** Data for this task follows **

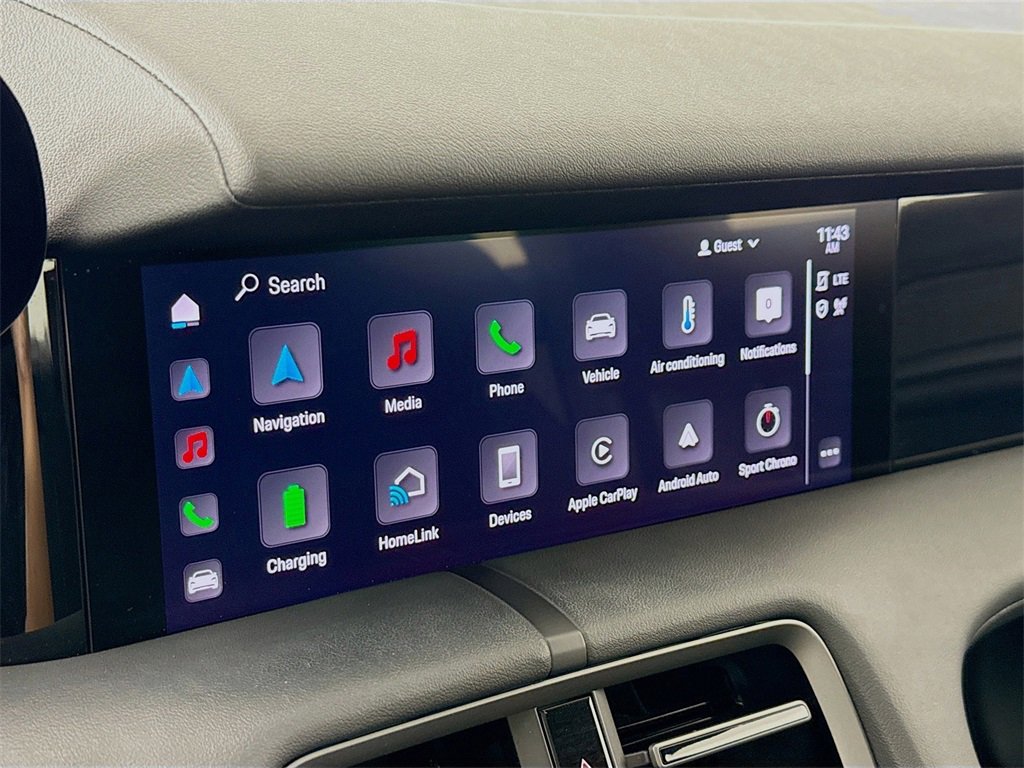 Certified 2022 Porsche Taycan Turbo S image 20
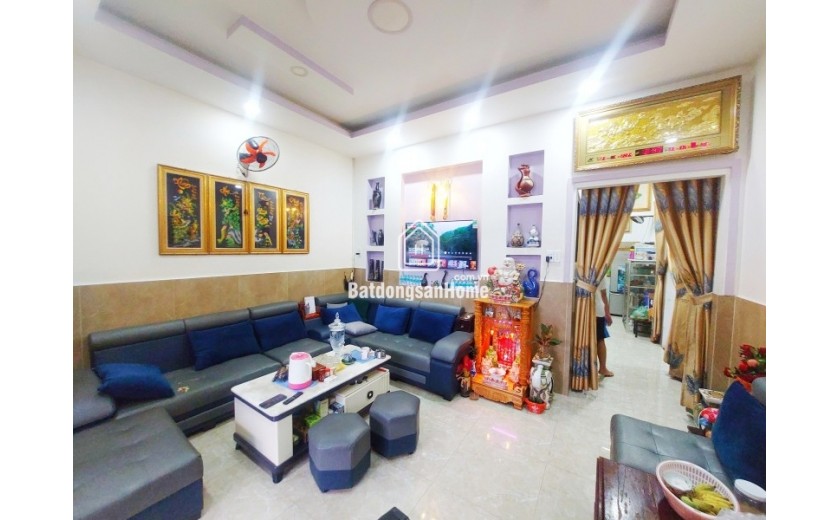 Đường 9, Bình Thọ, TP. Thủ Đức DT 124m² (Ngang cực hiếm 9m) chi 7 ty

** End of Data for this task **
** Data for this task follows **

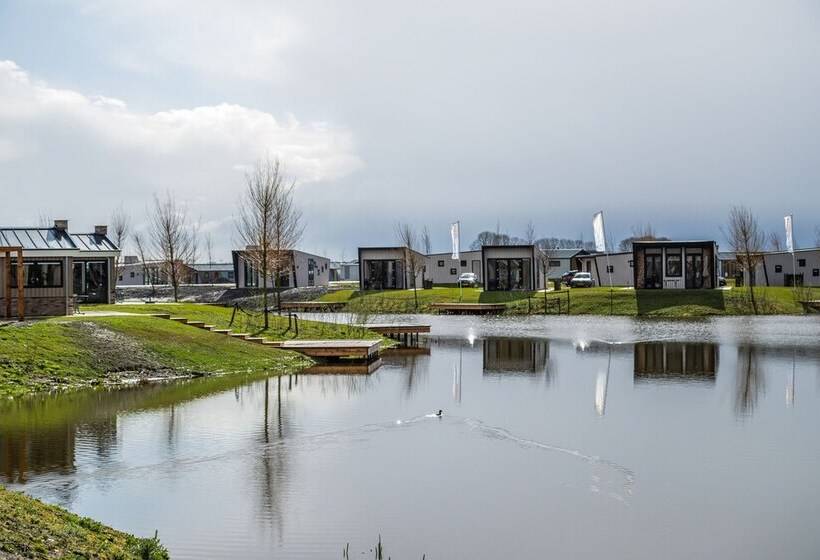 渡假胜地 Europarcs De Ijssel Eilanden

** End of Data for this task **
** Data for this task follows **

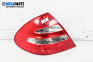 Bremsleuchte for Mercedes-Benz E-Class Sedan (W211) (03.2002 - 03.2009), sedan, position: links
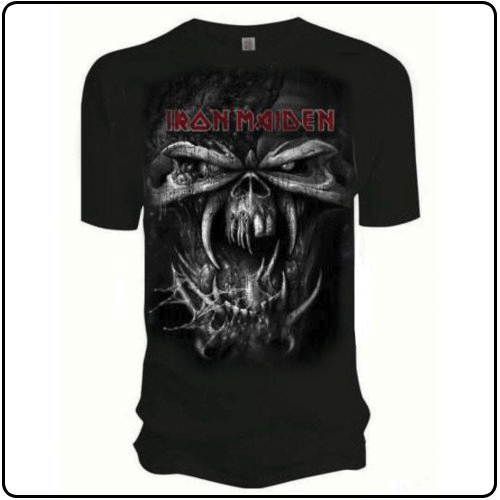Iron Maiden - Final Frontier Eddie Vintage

** End of Data for this task **

■ Work to be completed ■
Output exactly the lines above that lie between the line with "Certified 2022 Porsche" and the line with "Đường 9, Bình", those two lines included, and no pictures.

■ Output of the exercise ■
 Certified 2022 Porsche Taycan Turbo S image 20
 Đường 9, Bình Thọ, TP. Thủ Đức DT 124m² (Ngang cực hiếm 9m) chi 7 ty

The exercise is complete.